How to parallelise? A list of guidelines for the effective parallelisation on multi-core
In the previous section we discussed where parallelism can be found in Gillespielike algorithms; the question that naturally follows is how this parallelism can be effectively exploited. We advocate here a number of parallelisation issues that, we believe, can be used as pragmatic "guidelines" for the efficient parallelisation of this kind of algorithms on multi-core. Observe that, in principle, they are quite independent of the source of parallelism; however, they focus on inter-core parallelism, thus cannot be expected to be applied to other kinds of parallelism (e.g. SIMD parallelism). They will be then used along Sec. 5 as "instruments" to evaluate the quality of the parallelisation work for the execution of independent instances of the CWC simulator.
Data stream as a first-class concept
The in silico (as well as in vitro) analysis of biological systems produces a huge amount of data. Often, they can be conveniently represented as data streams since they sequentially flows out from one or more (hardware or software) devices; often the cost of full storage of these streams overcomes their utility, as in many cases only a statistical filtering of the data is needed. These data streams can be conveniently represented as first-class concept; their management should be performed on-line by exploiting the potentiality of underlying multi-core platforms via a suitable high-level programming tools.

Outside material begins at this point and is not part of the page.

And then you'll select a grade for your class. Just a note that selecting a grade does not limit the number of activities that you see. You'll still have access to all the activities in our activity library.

Effective, high-level programming tools
To date, parallel programming has not embraced much more than low-level communication and synchronisation libraries. In the hierarchy of abstractions, it is only slightly above toggling absolute binary in the front panel of the machine. We believe that, among many, one of the reasons for such failure is the fact that programming multi-core is still perceived as a branch of high-performance computing with the consequent excessive focus on absolute performance measures. By definition, the raison d'être for high-performance computing is high performance, but MIPS, FLOPS and speedup need not be the only measure. Human productivity, total cost and time to solution are equally, if not more, important. The shift to multi-core is required to be graceful in the short term: existing applications should be ported to multi-core systems with moderate effort. This is particularly important when parallel computing serves as tools for other sciences since non expert designer should be able to experiment different algorithmic solutions fro both simulations and data analysis. This latter point, in particular, may require data synchronisation and could represent a very critical design point for both correctness and performance.

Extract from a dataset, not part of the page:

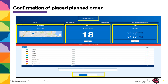The planned order can be printed by clicking on Print Receipt. The receipt will provide the location, date, and time selected, along with the order details. The receipt will be labeled as "Planned Order Receipt Not Approved," indicating that the planned order has not yet been picked up from the assigned cupboard.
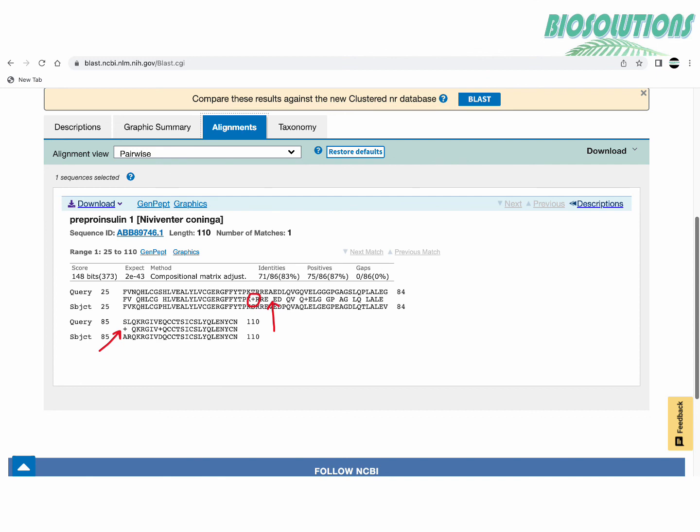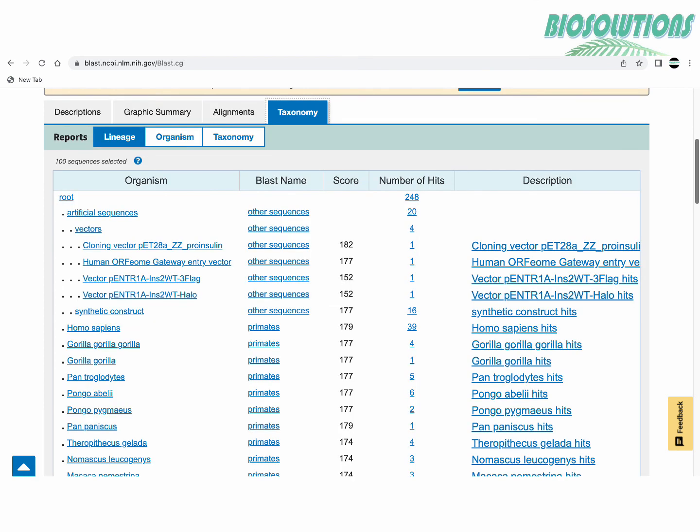Dashes in the sequence are gaps. The related information link on right hand side are links to other resources with additional information a user may want to see. Last tab is taxonomy. It gets us the classification details of the organism whose sequences have been chosen by BLAST for result display.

Cache-friendly synchronisation for data streams
Current commodity multi-core and many-core platforms exhibit a cache-coherent shared memory since it makes it can effectively reduce the programming complexity of parallel programs (whereas different architectures, such as IBM Cell, have exhibited their major limits in programming complexity). Cache coherency is not for free, however. It largely affects synchronisations cost and may require expensive performance tuning. This is both an opportunity and a challenge for parallel programming framework designers since a properly designed framework should support the application with easy exploitation of parallelism (either design from scratch or porting from sequential code) and high-performance.
Load balancing of irregular workloads
Stochastic processes exhibit an irregular behaviour in space and time by their very nature since different simulations may cover the same simulation timespan following many different, randomly chosen, paths and number of iterations. Therefore, parallelisation tools should support the dynamic and active balancing of workload across the involved cores.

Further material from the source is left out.